**Task**
Everything in the entries except the pictures should be copied exactly.

+===+

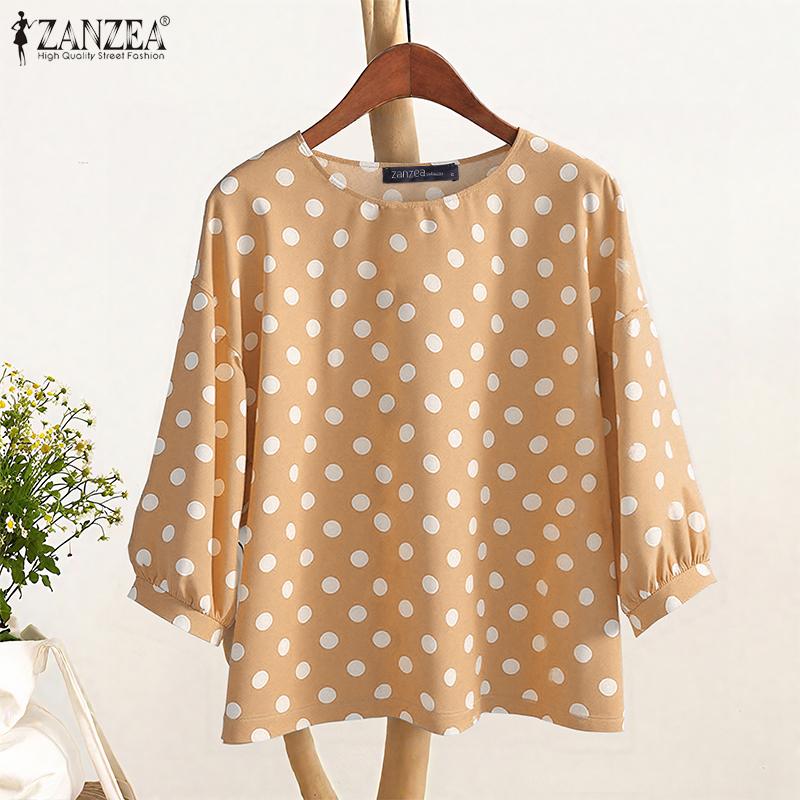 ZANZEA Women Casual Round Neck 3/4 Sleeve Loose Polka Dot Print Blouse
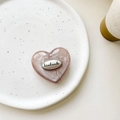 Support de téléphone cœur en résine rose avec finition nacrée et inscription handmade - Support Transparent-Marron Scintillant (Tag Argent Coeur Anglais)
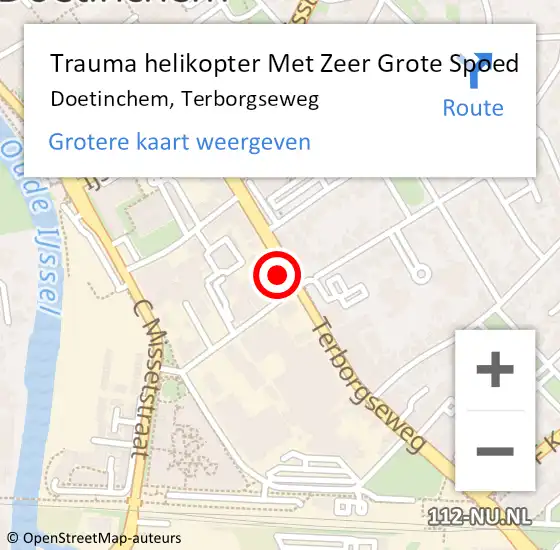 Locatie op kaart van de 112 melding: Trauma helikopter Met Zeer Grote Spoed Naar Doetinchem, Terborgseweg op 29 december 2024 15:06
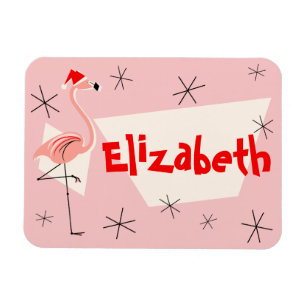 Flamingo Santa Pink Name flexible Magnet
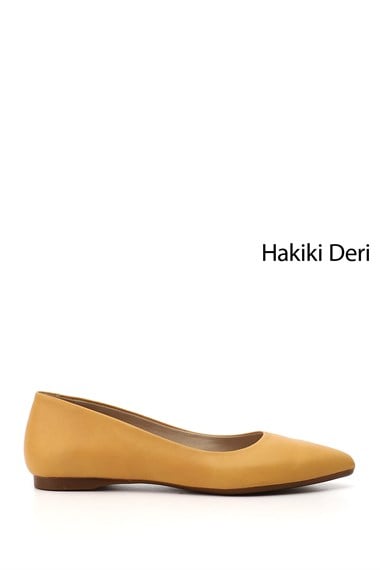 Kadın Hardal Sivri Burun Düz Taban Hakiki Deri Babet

+===+

**Finished exercise**
 ZANZEA Women Casual Round Neck 3/4 Sleeve Loose Polka Dot Print Blouse
 Support de téléphone cœur en résine rose avec finition nacrée et inscription handmade - Support Transparent-Marron Scintillant (Tag Argent Coeur Anglais)
 Locatie op kaart van de 112 melding: Trauma helikopter Met Zeer Grote Spoed Naar Doetinchem, Terborgseweg op 29 december 2024 15:06
 Flamingo Santa Pink Name flexible Magnet
 Kadın Hardal Sivri Burun Düz Taban Hakiki Deri Babet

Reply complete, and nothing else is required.